Pencapaian terbesar kami sebagai bagian dari proses ini sekaligus menjadi tantangan terbesar. Ini adalah unsur yang kami atau program lain yang didanai oleh pemerintah (termasuk REDD+) sudah sadari sebelumnya, dan hal tersebut adalah nasib sektor swasta dan masyarakat lokal dalam lansekap terkait. Sektor swasta dan masyarakat lokal adalah dua kelompok dengan risiko terbesar dalam menjamin keberlanjutan lansekap hutan.
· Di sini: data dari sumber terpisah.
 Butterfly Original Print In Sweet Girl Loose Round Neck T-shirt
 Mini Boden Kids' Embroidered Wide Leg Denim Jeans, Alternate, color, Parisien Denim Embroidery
Pertama, untuk sektor swasta, lansekap adalah investasi kami, dan kami menanggung kehilangan paling besar jika itu terdegradasi. Jadi, kami memiliki kepentingan untuk bertanggungjawab. Kedua, bagi masyarakat, masalah hingga saat ini adalah mereka diperlakukan sebagai obyek. Yang ingin APP lakukan secara berbeda adalah memperlakukan masyarakat sebagai mitra dan merangkul mereka sebagai bagian integral dari rantai pasokan kami. Kami mengakui bahwa produktivitas kami sendiri dan kesejahteraan serta masyarakat yang tinggal di sekitar konsesi kami terhubung satu sama lain. Itu mengapa kami meluncurkan agroforestri dan program pertanian yang terintegrasi untuk menyediakan mata pencaharian alternatif sekaligus mengurangi ancaman kehancuran hutan.

Kami juga bangga karena stakeholder nasional dan internasional kini melihat keseriusan komitmen kami. Kami terlibat dan memimpin beberapa inisiatif seperti New York Declaration, the Bonn Challenge, the Tropical Forest Alliance, dan the Australian Asia Pacific Rainforest Recovery Programme (APP memimpin roundtable sektor swasta dalam inisiatif ini). Kami merupakan satu-satunya perusahaan swasta yang terlibat dalam the Bonn Challenge, kami menyampaikan komitmen kami untuk mengembalikan dan melindungi 1 juta hektar hutan di Indonesia, serta inovasi kami dalam strategi pengelolaan lahan gambut dan menjadi perusahaan komersial pertama yang memutuskan untuk mempensiunkan perkebunan produksi untuk melindungi lingkungan.

Apakah anda memiliki model yang diikuti dalam mengembangkan beberapa inisiatif atau merupakan pionir?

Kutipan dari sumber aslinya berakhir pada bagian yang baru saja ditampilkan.